INSTRUCTIONS TO FOLLOW
Copy the final lines exactly, starting at the one that contains "- 金色 - 查看 6" and ending with the last line of the listing below. Pictures are not part of the copy.

SUPPLIED DATA
━━━━━━━━━━━━━━━━━━━━━━━━━━━━━━
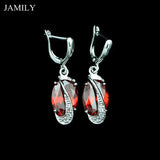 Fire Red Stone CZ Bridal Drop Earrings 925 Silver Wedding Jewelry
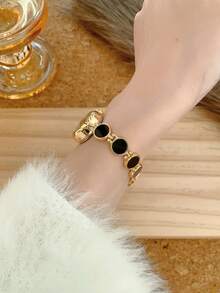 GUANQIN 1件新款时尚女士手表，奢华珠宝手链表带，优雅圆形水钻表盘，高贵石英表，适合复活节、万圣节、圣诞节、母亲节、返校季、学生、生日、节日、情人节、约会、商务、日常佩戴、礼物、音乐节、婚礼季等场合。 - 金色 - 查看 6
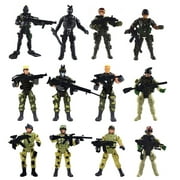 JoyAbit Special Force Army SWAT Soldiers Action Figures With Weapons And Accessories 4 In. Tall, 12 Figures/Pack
━━━━━━━━━━━━━━━━━━━━━━━━━━━━━━
RESULT BELOW
 GUANQIN 1件新款时尚女士手表，奢华珠宝手链表带，优雅圆形水钻表盘，高贵石英表，适合复活节、万圣节、圣诞节、母亲节、返校季、学生、生日、节日、情人节、约会、商务、日常佩戴、礼物、音乐节、婚礼季等场合。 - 金色 - 查看 6
 JoyAbit Special Force Army SWAT Soldiers Action Figures With Weapons And Accessories 4 In. Tall, 12 Figures/Pack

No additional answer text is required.